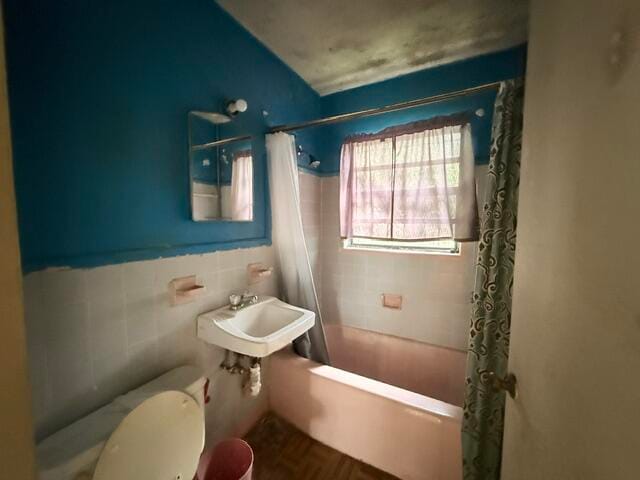 1421 NW Avenue D, Belle Glade, FL 33430 photo 28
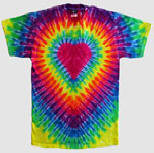 T-fusia-heart_15_1.jpg
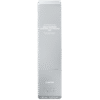 Doctor Babor-Clarifying-Daily Blemish Control Cleansing Gel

TASK INSTRUCTIONS
An exact reproduction of the data above is required, with every picture removed.

SOLUTION FOR THIS TASK
 1421 NW Avenue D, Belle Glade, FL 33430 photo 28
 T-fusia-heart_15_1.jpg
 Doctor Babor-Clarifying-Daily Blemish Control Cleansing Gel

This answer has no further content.